Daniel Kokotajlo comments on MONA: Managed Myopia with Approval Feedback

Daniel Kokotajlo 23 Jan 2025 22:56 UTC
LW: 3 AF: 2
0
AF
Thanks this is helpful. Is MONA basically “Let’s ONLY use process-based feedback, no outcome-based feedback?”
Another objection: If this works for capabilities, why haven’t the corporations done it already? It seems like it should be a super scalable way to make a computer-using agent work.
- Rohin Shah 23 Jan 2025 23:58 UTC
  LW: 4 AF: 4
  0
  AF Parent
  Is MONA basically “Let’s ONLY use process-based feedback, no outcome-based feedback?”
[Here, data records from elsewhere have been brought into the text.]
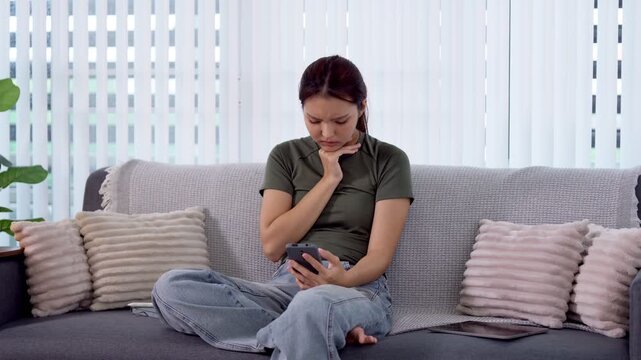 Young Asian woman showing worried expression while reading bad news on smartphone sitting on living room sofa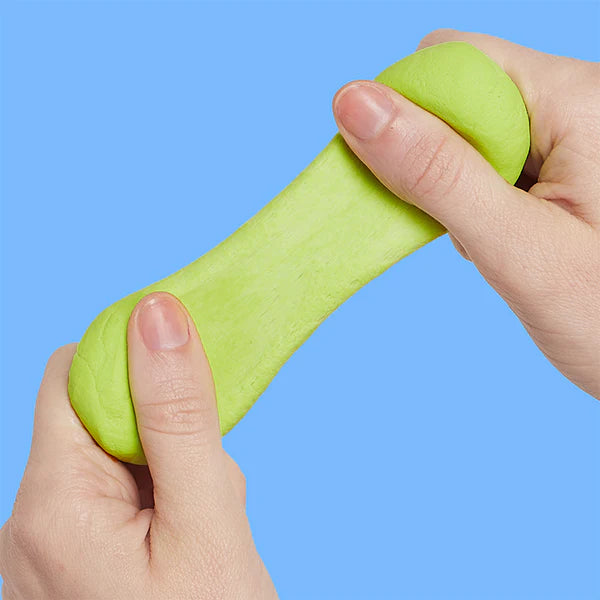 Green stress ball being held between two hands against a blue background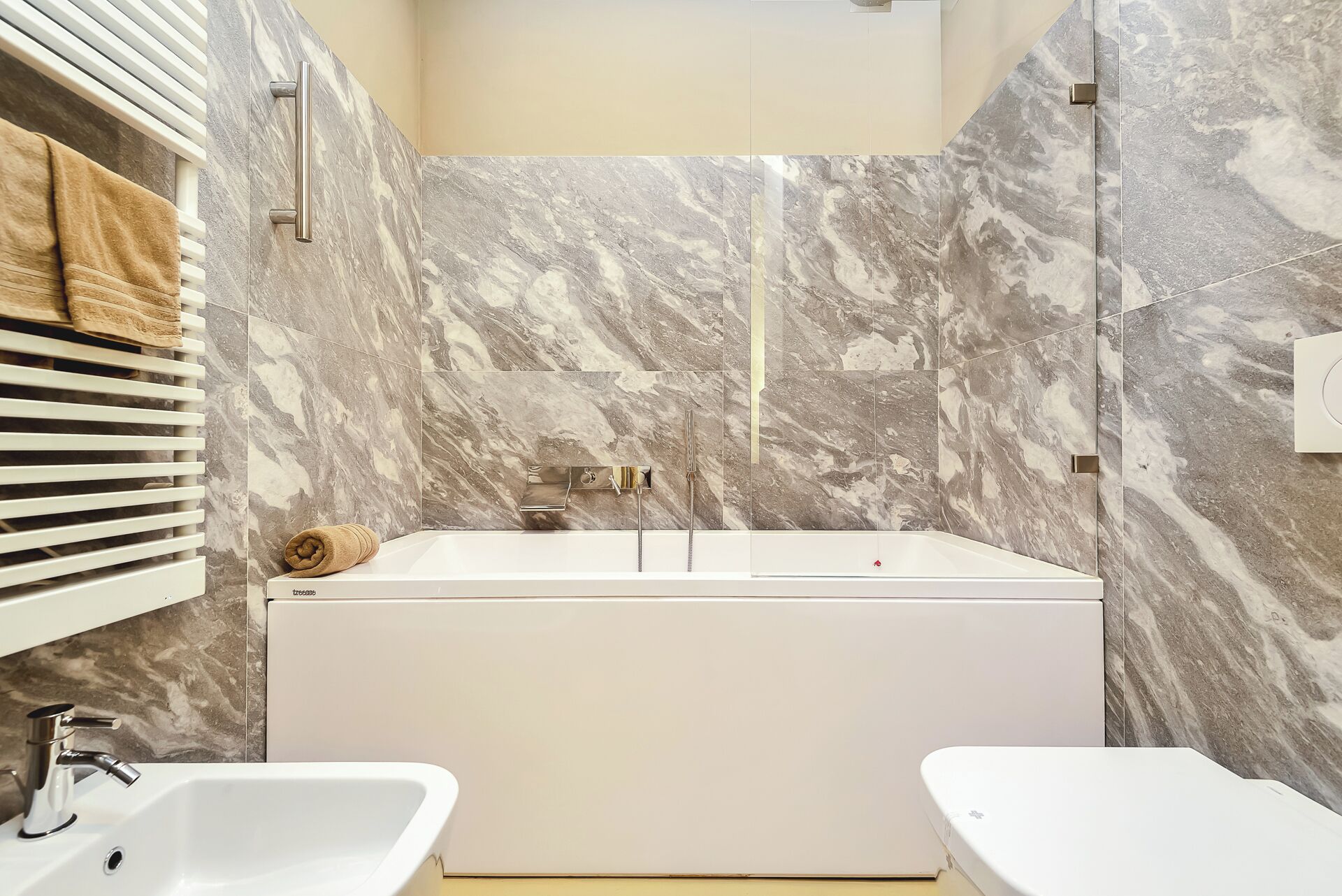 A modern bathroom with a bathtub, two sinks, and marble walls.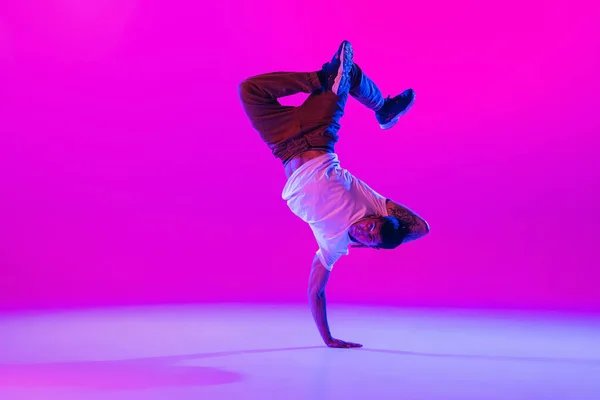 Młody stylowy mężczyzna, tancerz hip-hopowy tańczący solo w nowoczesnych ubraniach odizolowanych na jasnym tle magenta w sali tanecznej w neonowym świetle. — Zdjęcie stockowe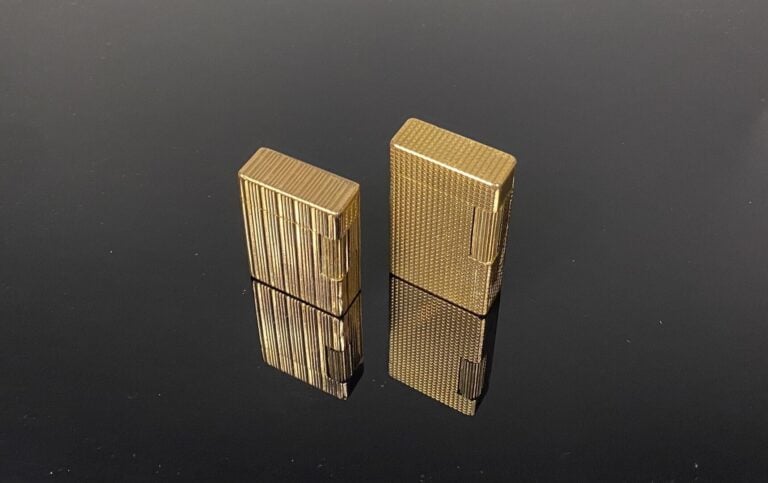 DUPONT - Lot de deux briquets en métal doré à décor rainuré ou motif de pointes…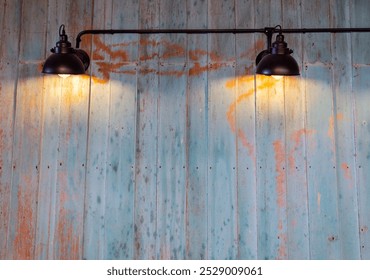 Vintage industrial lamps illuminating a rustic wooden wall in soft light, creating a warm and inviting atmosphere. - Powered by Shutterstock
  And also “don’t propagate rewards backwards in time”, which is a semi-orthogonal axis. (You can have process-based feedback and still propagate rewards backwards in time.)
  EDIT: And tbc, “don’t propagate rewards backwards in time” is the primary focus in this paper—in all three environments for our main experiment we hold the feedback identical between MONA and regular RL, so that the only difference is whether rewards are propagated backwards in time (see Section 4.2 in the paper).
  Another objection: If this works for capabilities, why haven’t the corporations done it already? It seems like it should be a super scalable way to make a computer-using agent work.
  … As a person who works at a corporation, it’s a bit tricky to speculate on this publicly, and I’m not going to try. But I certainly do not think any AGI lab is anywhere close to being Rohin-efficient, that is, so competent that I cannot propose actions that would make them better at achieving their goals (given enough internal context), even if you just restrict to capabilities goals.
  Note that we do expect MONA to often come at the cost of observed reward (since regular RL optimizes observed reward while MONA does not). Currently there isn’t much serious reward hacking going on at all (let alone multi step reward hacking), and so you probably don’t want to use MONA. (See also the second limitation in the post.)